### What is needed
Your response to the data below should hold nothing except the lines from the one containing "Book cover for Business Ethics" down to the one containing "6. Mixed Shades of Gray", reproduced exactly and without pictures.

### Data for this exercise
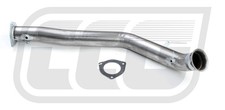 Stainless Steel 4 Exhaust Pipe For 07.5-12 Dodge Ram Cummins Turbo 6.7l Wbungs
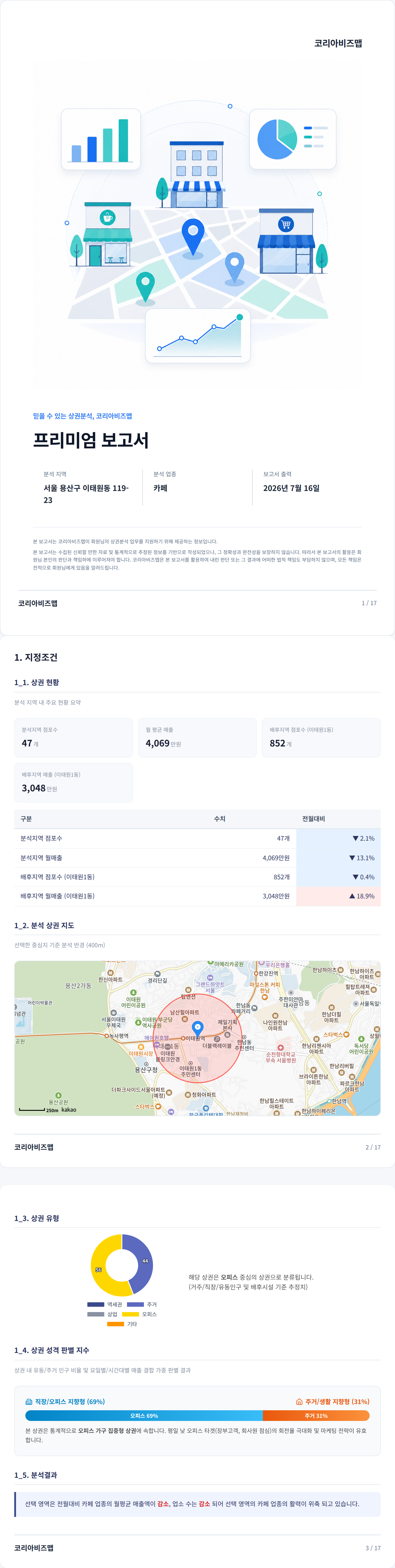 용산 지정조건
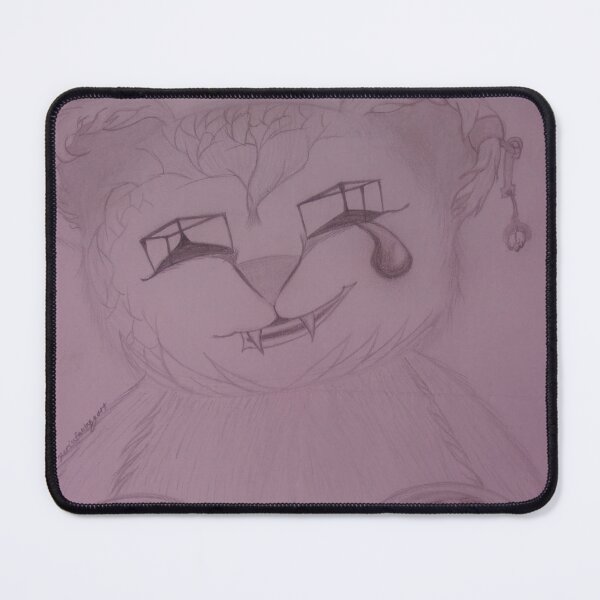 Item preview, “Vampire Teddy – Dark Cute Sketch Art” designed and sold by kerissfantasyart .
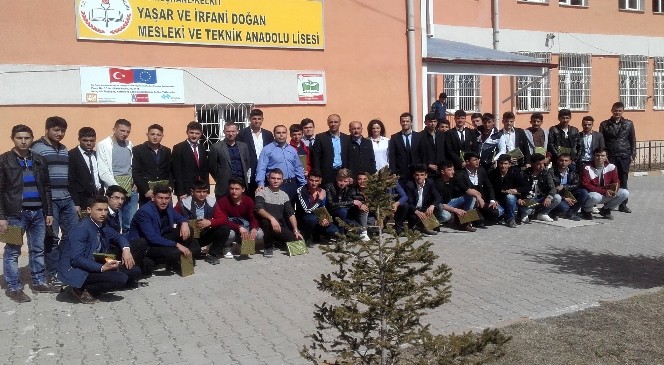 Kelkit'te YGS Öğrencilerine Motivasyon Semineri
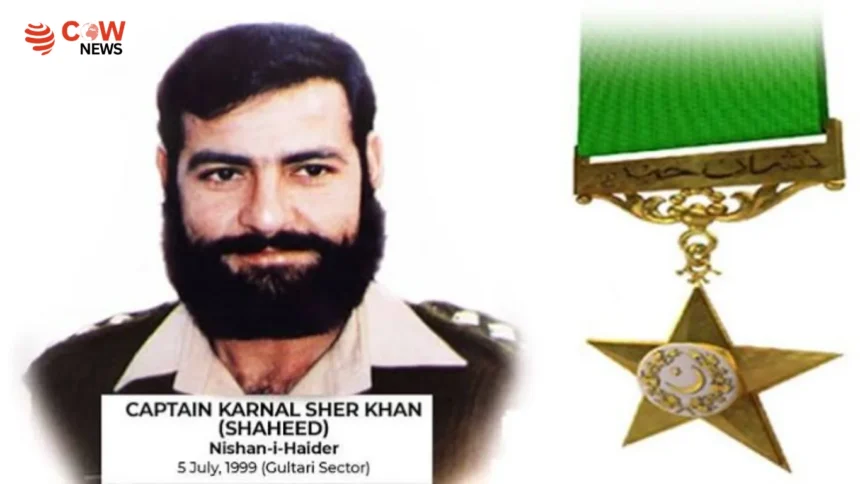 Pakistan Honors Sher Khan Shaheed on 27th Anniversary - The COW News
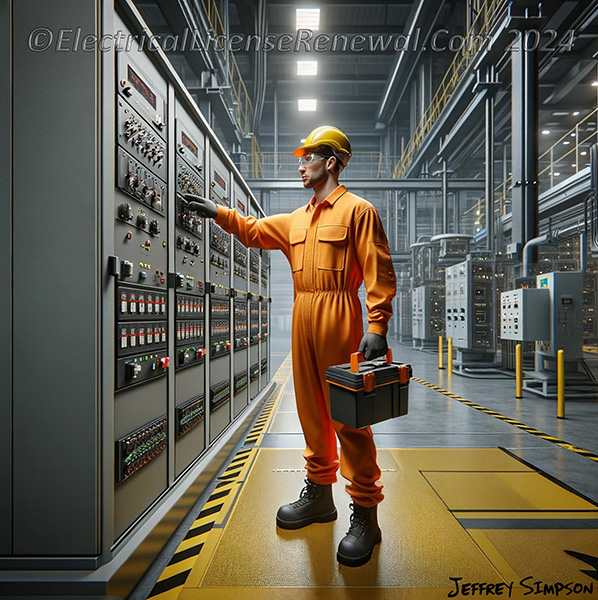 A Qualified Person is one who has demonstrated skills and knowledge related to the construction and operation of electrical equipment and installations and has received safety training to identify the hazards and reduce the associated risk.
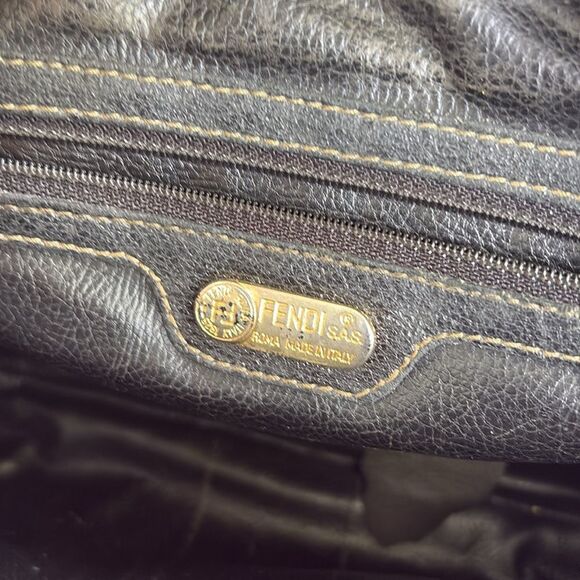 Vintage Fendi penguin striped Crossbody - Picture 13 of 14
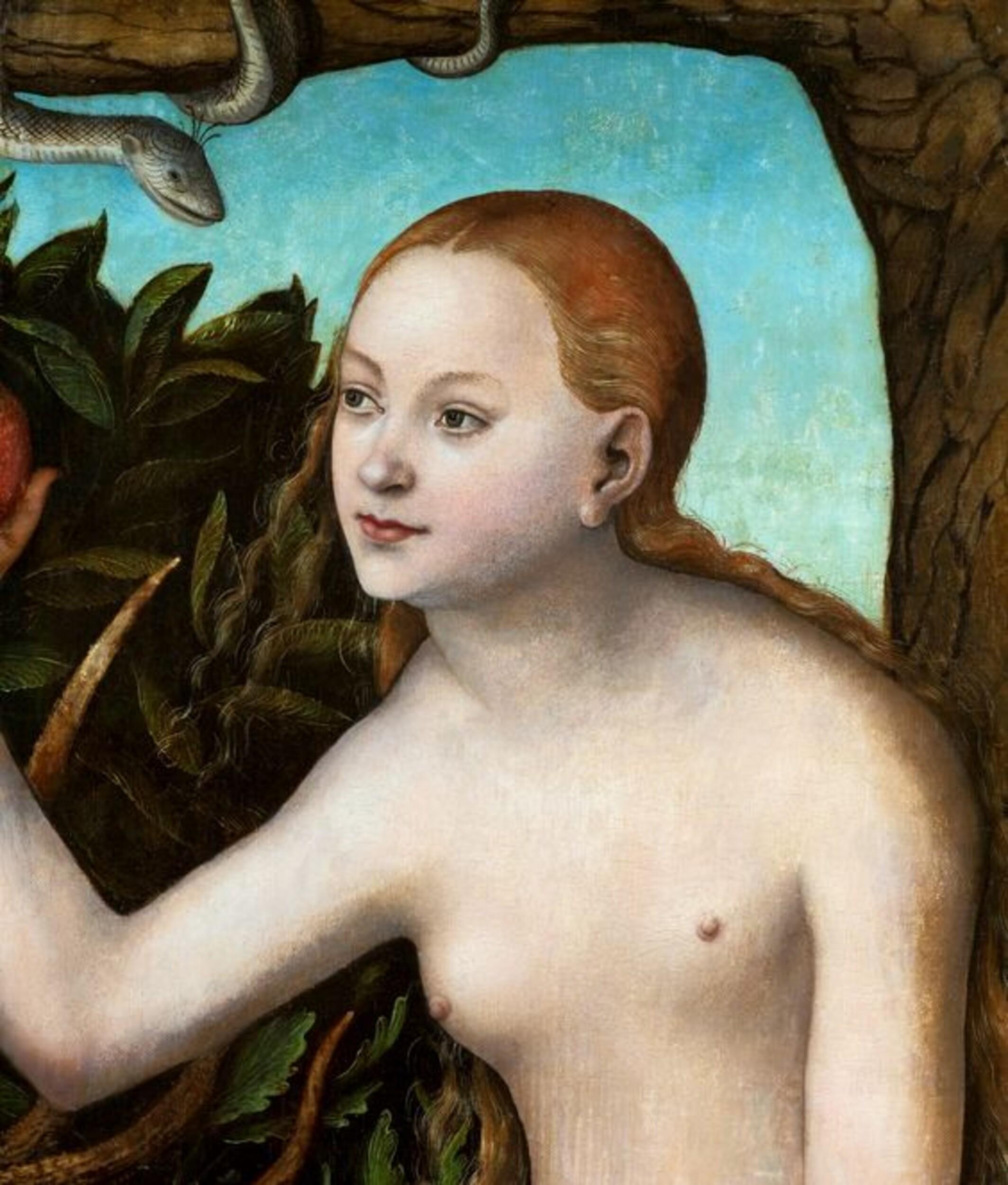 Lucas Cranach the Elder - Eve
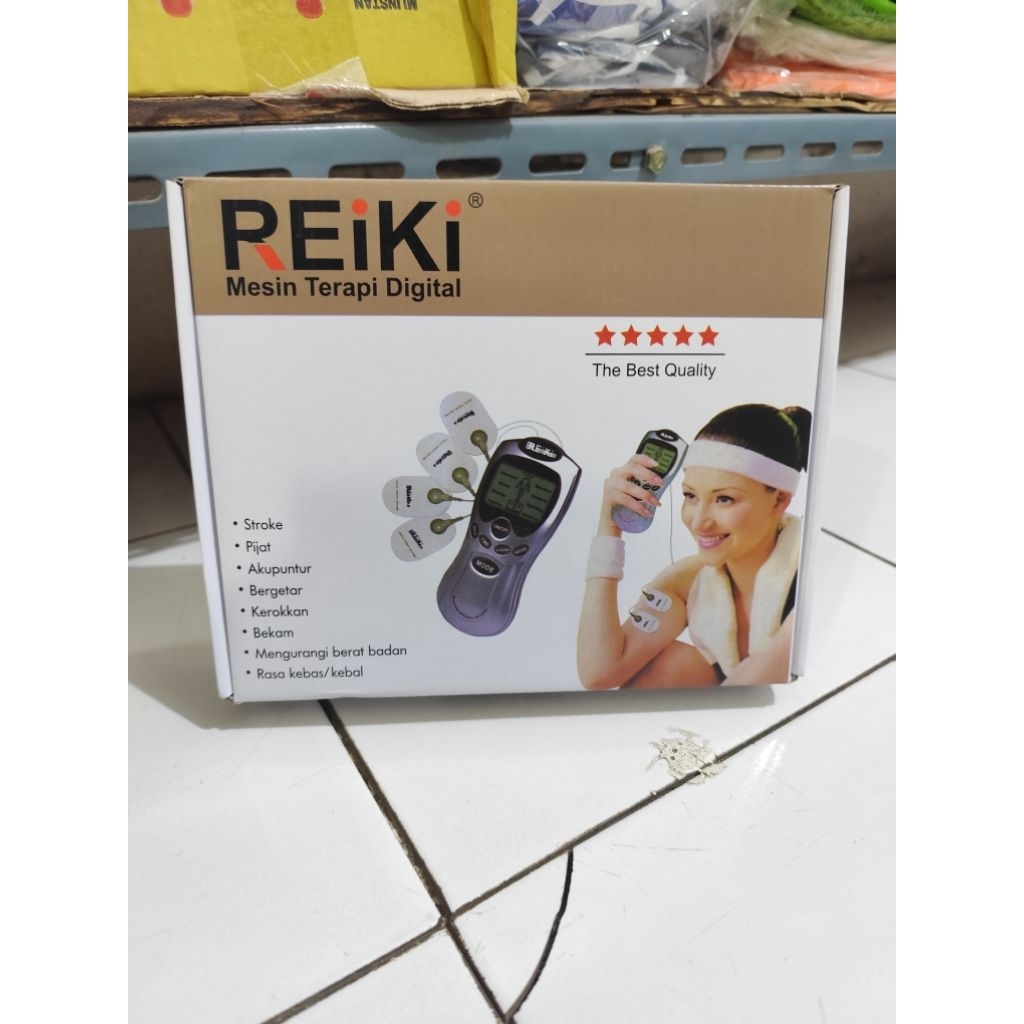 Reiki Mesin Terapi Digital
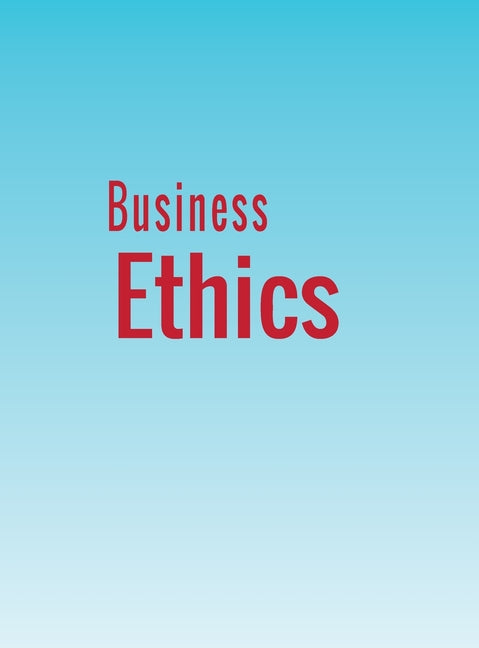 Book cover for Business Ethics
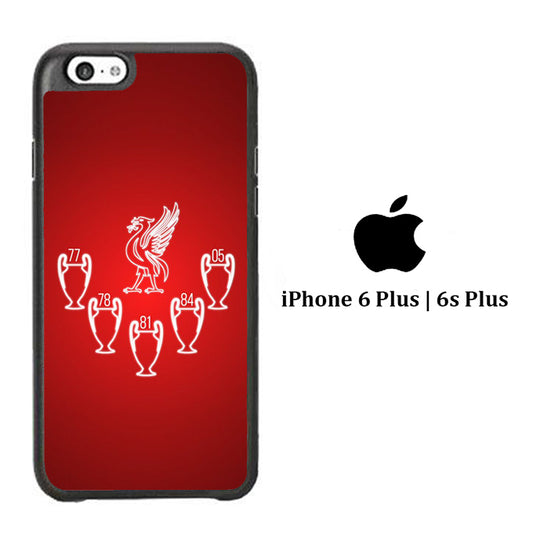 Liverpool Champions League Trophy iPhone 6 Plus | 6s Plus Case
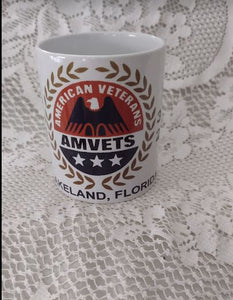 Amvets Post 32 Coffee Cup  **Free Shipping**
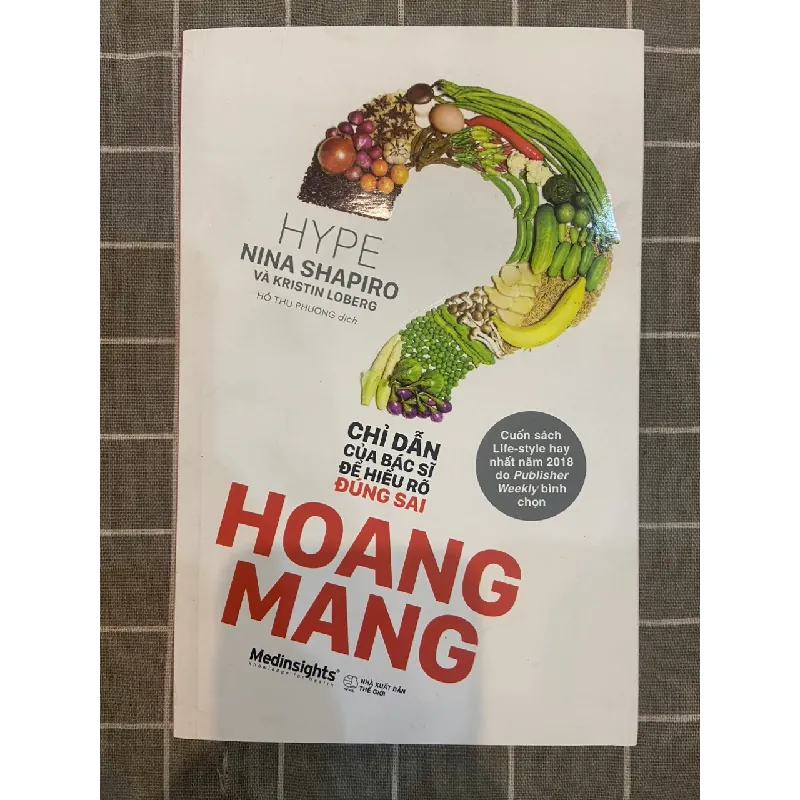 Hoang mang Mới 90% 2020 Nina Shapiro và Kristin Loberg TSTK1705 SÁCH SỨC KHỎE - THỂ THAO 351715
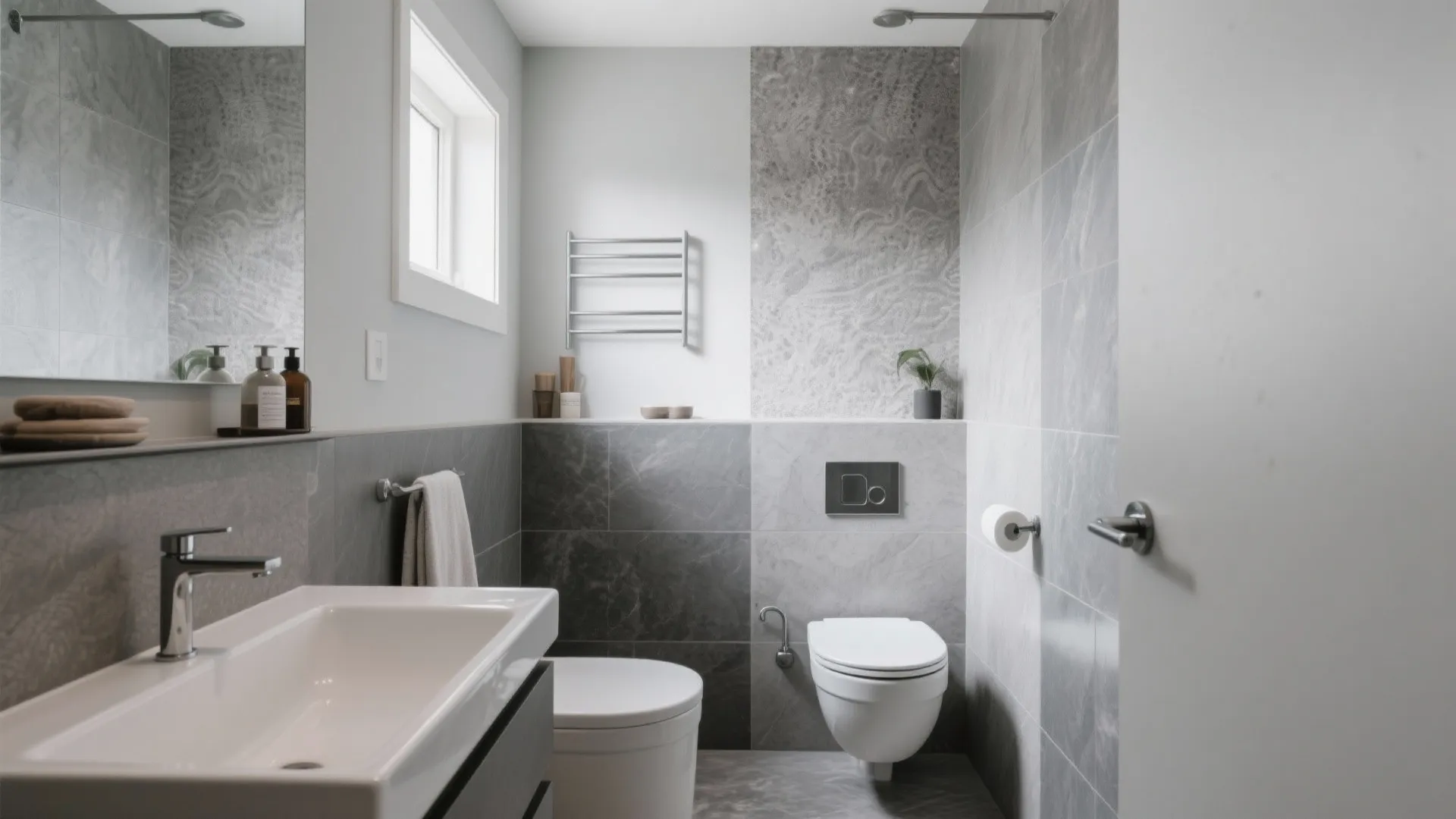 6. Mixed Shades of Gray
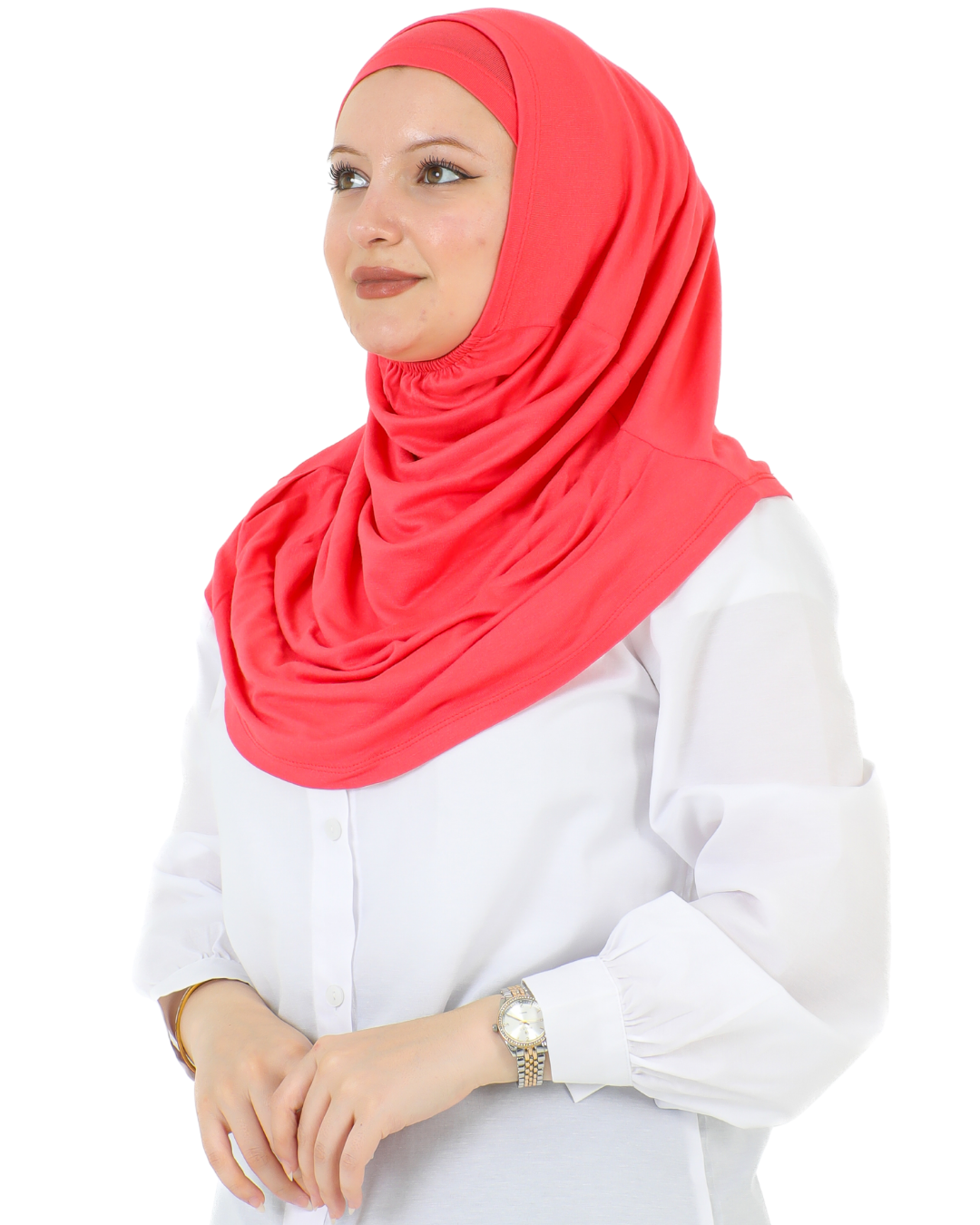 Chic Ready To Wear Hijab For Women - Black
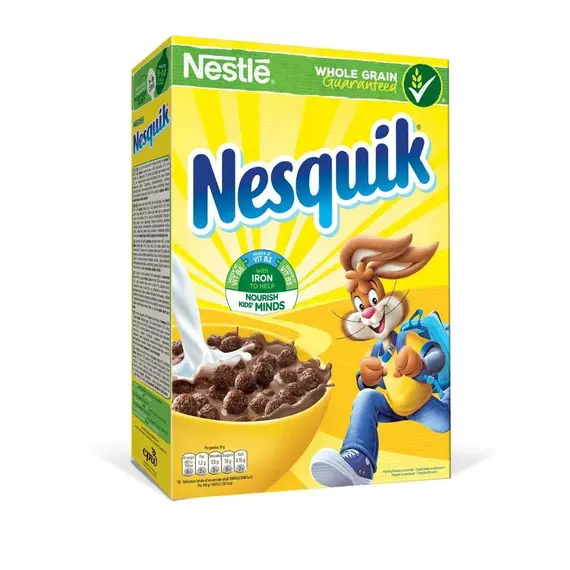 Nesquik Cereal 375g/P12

### Answer to this problem
 Book cover for Business Ethics
 Liverpool Champions League Trophy iPhone 6 Plus | 6s Plus Case
 Amvets Post 32 Coffee Cup  **Free Shipping**
 Hoang mang Mới 90% 2020 Nina Shapiro và Kristin Loberg TSTK1705 SÁCH SỨC KHỎE - THỂ THAO 351715
 6. Mixed Shades of Gray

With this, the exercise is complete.